At approximately 4am PST, two separate database servers (db1 and db16) had RAID failures that caused file system corruption. They kept trying to process traffic but Linux had switched part of the file system to “read only”, so no traffic data was actually being written to the hard drives. This problem lasted from approximately 4am to 7am PST. Unfortunately, this traffic data is gone and unrecoverable.
We have alert systems setup so that when a significant event occurs, such as a server going offline or a RAID failure, we are alerted immediately. Unfortunately, the RAID notifications on a few servers were recently disabled while we were performing some maintenance, and wouldn’t you know it, db1 and db16 were among those servers.
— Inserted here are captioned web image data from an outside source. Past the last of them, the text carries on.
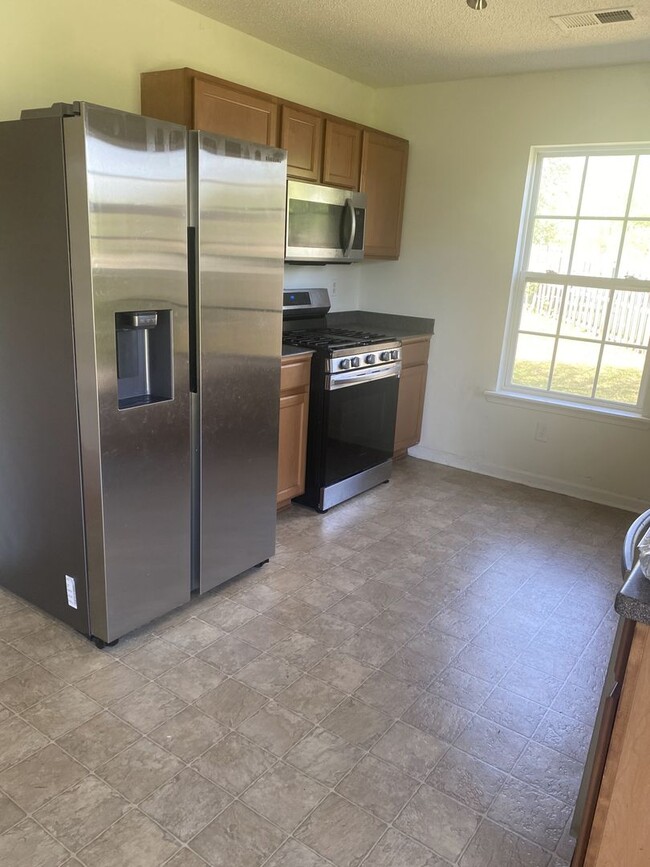 Building Photo - WOW!!! 4 Bedrooms 3.5 Bathrooms FOR RENT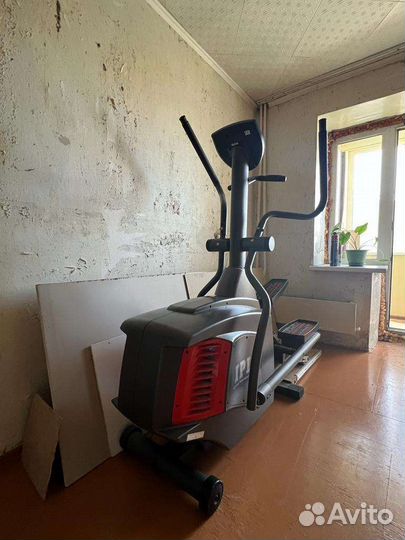 Эллиптический тренажер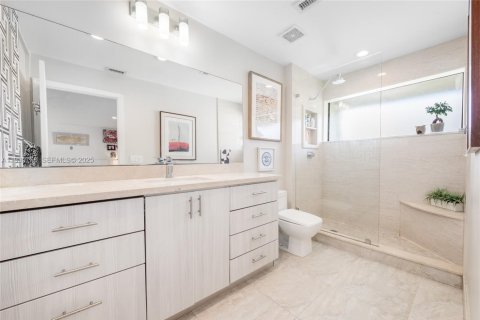 Townhouse in South Miami, Florida 3 bedrooms, 204.38 sq.m. № 2079478 - photo 17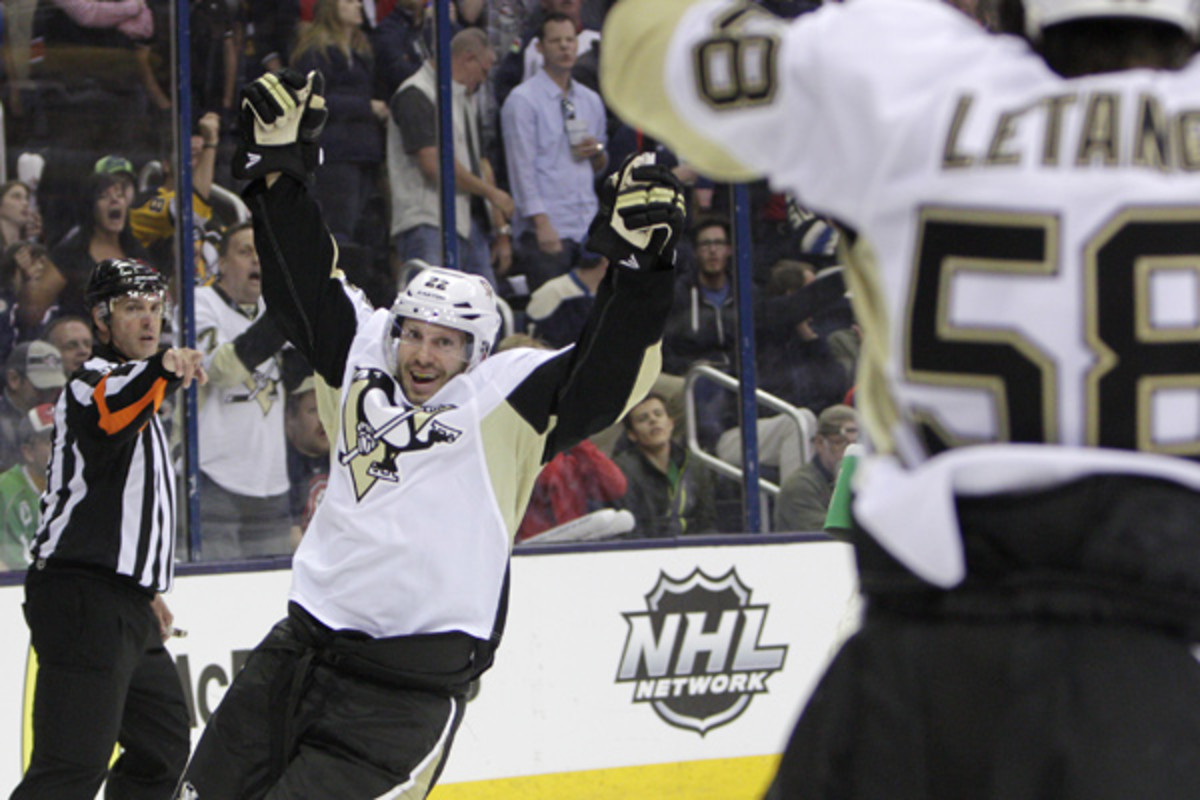 Lee Stempniak's first-ever playoff goal helped the Pens retake the series lead. (Jay LaPrete/AP)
Because of this, we weren’t notified of the problem, and didn’t discover it until we woke up to a flood of emails in our inbox this morning.
There were no problems on other servers that we could find, but if you have a site on a server other than db1 or db16 and it’s experiencing issues, please leave a comment here explaining what’s happening. Be sure to include the site ID.
We apologize for this issue, which we take very seriously. The RAID notifications are all back online, and we will be sure to always re-enable them immediately after this kind of maintenance in the future. Leaving them disabled was just an honest mistake.
One final note, these RAID failures occurred at the exact same time on two different servers. This happened once before as well, although it was three servers instead of two, and it didn’t cause any corruption last time. This seems like very strange behavior to us, and we’re not sure what could possibly cause such a thing to happen to separate servers (that don’t talk to each other) at the exact same time. If any sysadmins out there have any ideas, please share.